*** Opening Supplied data ***
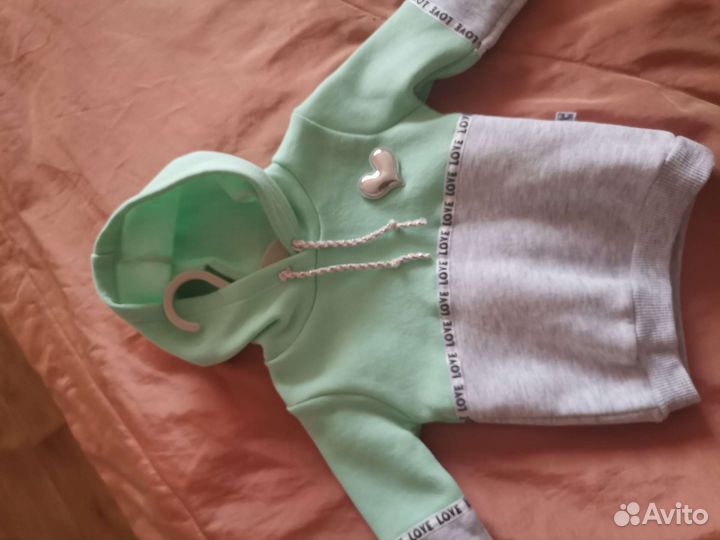 Костюм спортивный на девочку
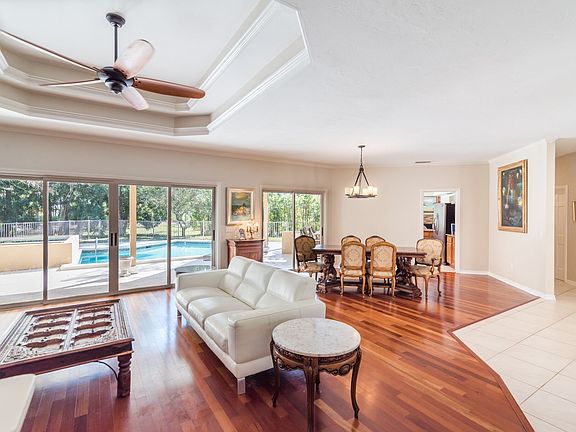 4th image of 13156 Valewood Dr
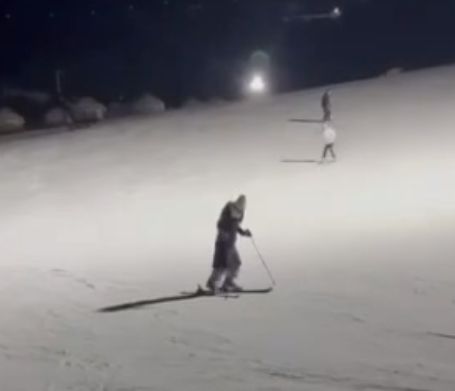 Лыжница улетела в обрыв на горнолыжной базе в Кыргызстане.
*** Closing Supplied data ***
Only the pictures are to be left out; all other material is to be output exactly.

== Answer to the exercise ==
 Костюм спортивный на девочку
 4th image of 13156 Valewood Dr
 Лыжница улетела в обрыв на горнолыжной базе в Кыргызстане.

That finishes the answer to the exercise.